Erase anyone of the opposite sex from your social group. Oh, and your Facebook account. And your phone.
I want our relationship to be special. I want us to be exclusive. And I don’t ever want to catch you looking at anyone else in that way.”
We’ve all had the talk. Some version of it, at least.
Until you’re exclusive, you’re not officially girlfriend and boyfriend. You can’t be his special girl if he’s hanging out with a dozen other babes when you’re not available.
But what is exclusivity, exactly?
Is it as simple as agreeing not to see other people?
Then no one can be exclusive. Because other people are in our face all the time. We can’t not SEE them!
Don’t laugh. 😉 Language matters. Every philosopher worth his or her salt knows the importance of defining your terms.
So is exclusivity a matter of agreeing not to sleep with other people?
If so, then how would you feel about your partner hanging out with a girl who’s attractive, single, and not you?
Even if you had his promise that he wouldn’t get physical with her, would you still feel okay about him going over to her house with no one else there?
Maybe exclusivity is more a matter of not doing anything that would make your partner jealous.
If he knows that hanging out with a hot vixen will make you see green, then he shouldn’t do it out of respect for you.
If he knows that an involuntary glance at that woman up ahead in a skirt and high heels will make you feel inadequate, then he shouldn’t do it.
If he knows that finding a new woman’s name programmed into his phone will arouse your suspicions, then he shouldn’t do it.
Just how far should his respect for your feelings go?
Should he avoid all female contact altogether, just in case?
And before you think I’m making this a female issue, men struggle with the same problem.
Some men become incredibly jealous when their partner speaks with other guys. For them, even a friendly conversation constitutes flirting.
There’s no one-size-fits-all solution.
Exclusivity is a tricky word.
It’s vague. It’s loaded. You can’t just say it and expect him to know what you mean.
So, whether he asks you to be his girlfriend or you just want to know if he’s seeing anyone else, make sure to define your terms.
Ask, “What does being boyfriend and girlfriend mean to you?”
Explain, “I’d like us to only date and get physical with one another.”
This isn’t the only time you’ll have to have this conversation. Negotiating the kind of exclusivity that feels good to both of you takes time.
He may think nothing of hanging out with a friend from high school who’s suddenly single and on the prowl. You, on the other hand, might recognize her ulterior motives.
Don’t get angry at him. Don’t waste your anger on her. Instead, take the opportunity to open a conversation about what makes you feel confident in your relationship … and what makes you feel insecure.
You can’t control his life.

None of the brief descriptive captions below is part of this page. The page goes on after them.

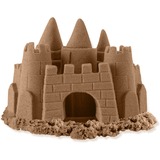Spin Master KINETIC SAND - 2,5 kg de Arena Mágica Marrón Natural, para Jugar y Moldear - Juegos Infantiles - Kit Manualidades niños - Juguetes Niños 3 Años +, Juego de arena Kinetic Sand - 2,5 kg de Arena Mágica Marrón Natural, para Jugar y Moldear - Juegos Infantiles - Kit Manualidades niños - Juguetes Niños 3 Años +, Arena kinética infantil, 3 año(s), No tóxico, Marrón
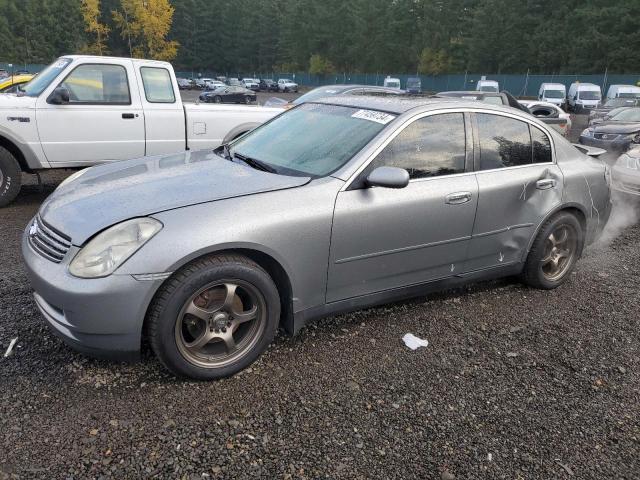 infiniti g35 2004 jnkcv51f84m711926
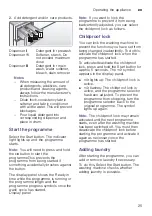 Preview for 25 page of Siemens WM SERIES Instruction Manual And Installation Instructions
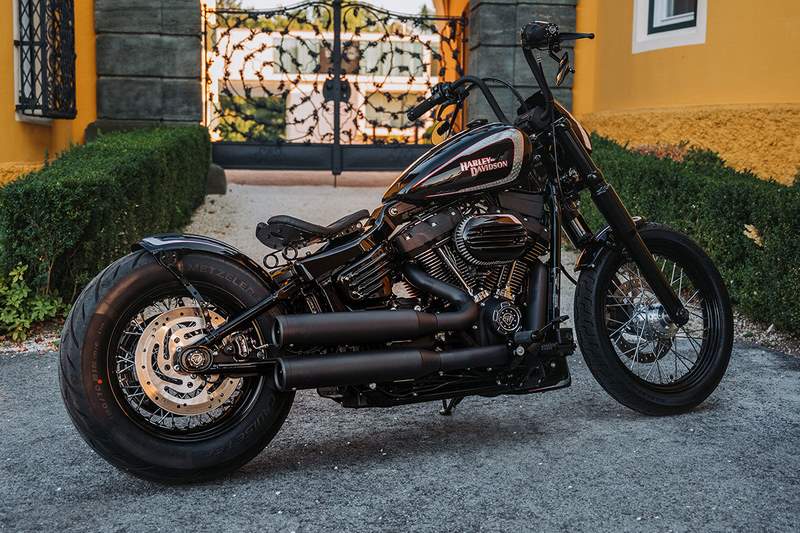 CULT-WERK / カルトワーク Harley （ハーレー）ソフテイル - リアコンバージョン KIT \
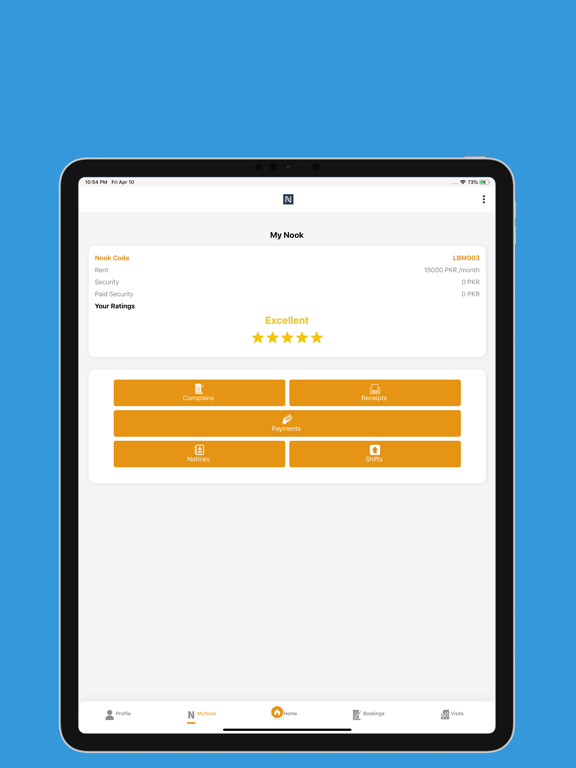 Nooks - find your nook iPad screenshot 5 - Travel app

Sometimes you will overreact. But as long as you’re talking, honestly and frankly about what’s going through your head, your relationship can grow.

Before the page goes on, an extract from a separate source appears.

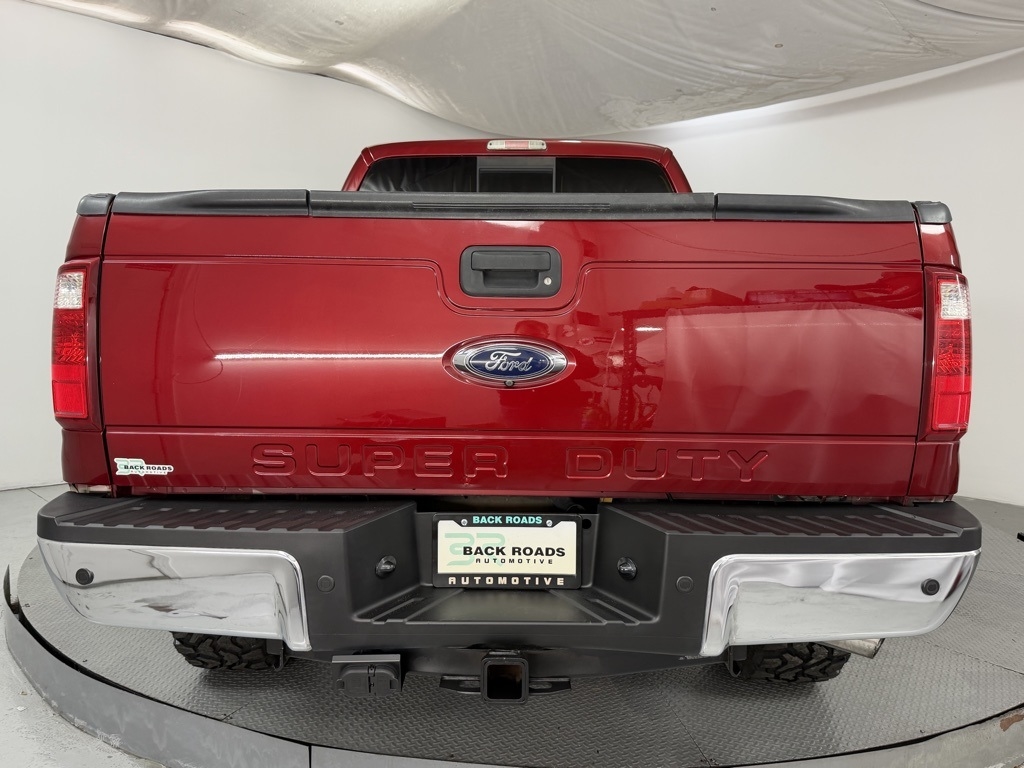 Ford Super Duty F-250 SRW 4WD Crew Cab 156" Platinum 2014
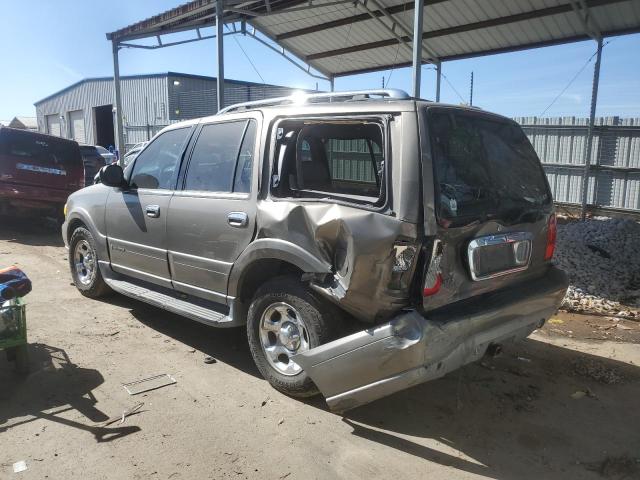 5LMFU28R71LJ13689 - 2001 LINCOLN NAVIGATOR 灰色 照片 2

Exclusivity and jealousy offer the perfect opportunity to learn how to talk about tricky subjects.
You’ll need to see his point of view. “But she’s an old friend! But I was just looking! But I always do that!”
He’ll need to see your point of view. “But it made me feel bad! But it seemed like you were choosing her over me! But she might tempt you into cheating!”
And you’ll need to come to some sort of agreement.
Maybe he could invite you along every time he meets up with her. Maybe you could agree that he can look at other women as long as he doesn’t touch.
This process of understanding one another and negotiating a solution that works for both of you is invaluable.
It’s the real work of relationships.
You may think that ignoring other women is the real test of his commitment, but it’s not.
His willingness to hear your point of view and work with you to find an answer is a better test.
It’s not genuine commitment if everything has to be his way (or your way).
Which suggests that exclusivity may not be the gold standard we’ve made it out to be.
Relationships aren’t just about choosing one another over everyone else.
Relationships are about choosing to listen to one another, even when you don’t want to hear.